An older version of the implementation took this approach, but some months
ago Dennis left comments suggesting that we use an internal property and
the PR was updated. Replies to your specific concerns inline:

> Regarding the specific proposal of using a internal property of entities
for holding the whole metadata - I'm not sure it's the best approach.

Why do we need the best approach to the first implementation? If version 1
of this change goes in and improves loadtable perf by 40% and then you want
to do a followup that improves it another 5%, isn't that okay?

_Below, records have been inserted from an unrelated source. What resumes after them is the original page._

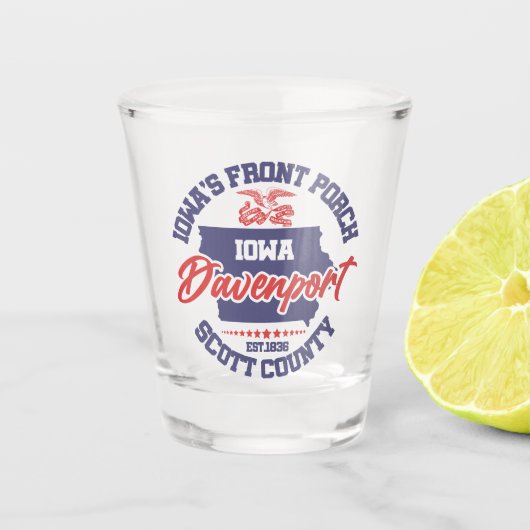 Davenport, Iowa Shot Glas (Voorkant)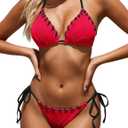 Women Two Piece Bikini Swimsuit Color Block Bathing Suits Halter Triangle String Bikini Sets (Small, Red Black)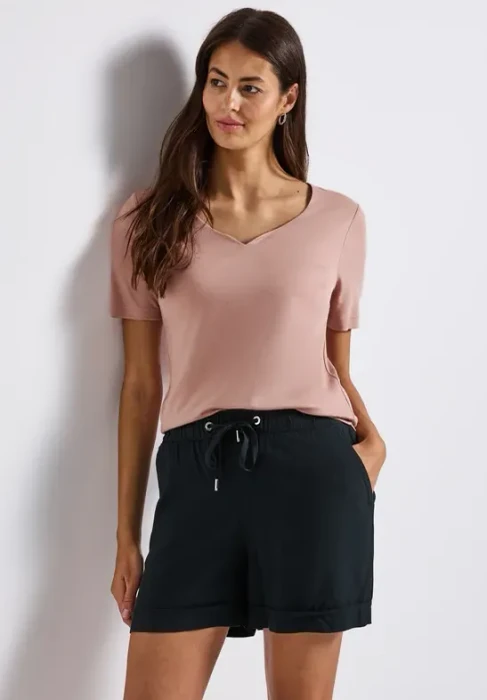 Street One Herzausschnitt T-Shirt kurzarm faded rose (Damen)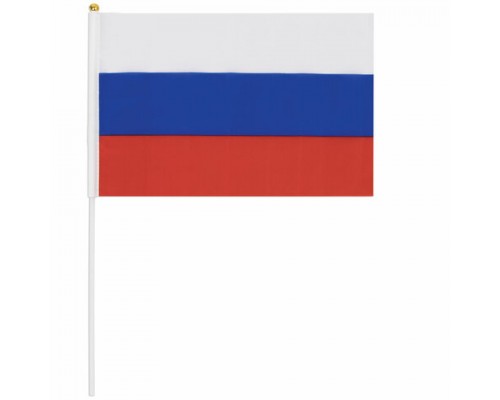 Флаг России ручной 30х45 см, без герба, с флагштоком, BRAUBERG/STAFF, 550182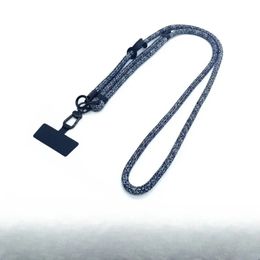 Teléfono Lanyard ajustable 8 mm de diámetro al aire libre Case universal Crossbody Hombro Cordón de cabello Cable de cuello colgado de muñeca anti-perdida correas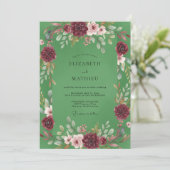 Invitation Couronne de mariage prune pistache (Debout devant)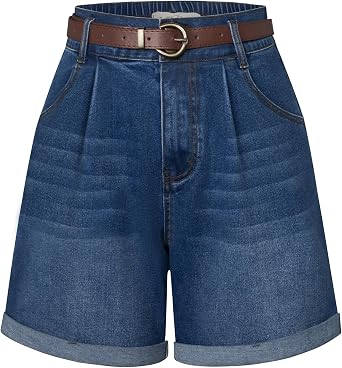Belle Poque Women Demin Shorts High Waisted Wide Leg Jean Shorts with Pockets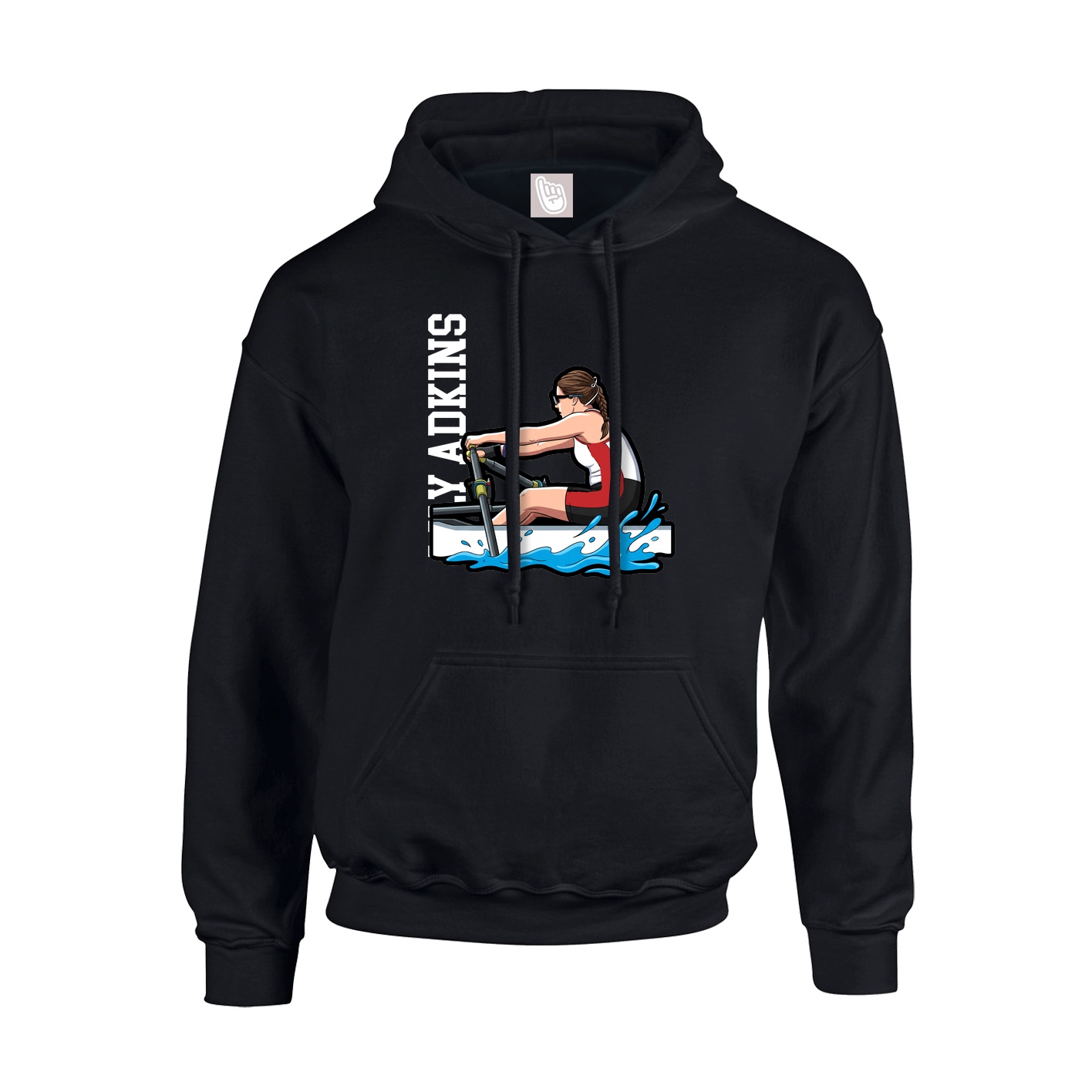 Youth Hoodie — Name Vertical in Black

I don't believe we're designing ourselves into the corner by giving admins
the option to put metadata content in the properties, even if we later
switch to a different implementation.

> Not all access to tables requires metadata

Much of it does, maybe all of it? Is there a particular method you're
concerned about which we can try running through the benchmark?

> Metadata can be huge

Yes, that is why the size is limited.

> Only sub-sections of the metadata may be required in some cases
  (e.g. when resolving REPLACE / APPEND conflicts [1])

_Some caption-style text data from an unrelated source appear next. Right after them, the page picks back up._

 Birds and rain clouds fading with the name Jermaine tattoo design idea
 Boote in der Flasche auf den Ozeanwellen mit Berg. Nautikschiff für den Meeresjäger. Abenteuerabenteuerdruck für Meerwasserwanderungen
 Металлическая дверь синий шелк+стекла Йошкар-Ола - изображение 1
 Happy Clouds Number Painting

As noted in my email this is not in scope. The idea here is that we
can create some new TableMetadata entity and give it top-level columns for
the fields we care about. Again, I'd like to do this eventually and this
was done in earlier versions of the PR. However I would point out that we
don't really give other entities such top level fields right now, even
frequently used ones like a table's location, and always rely on
deserialization of potentially heavy properties.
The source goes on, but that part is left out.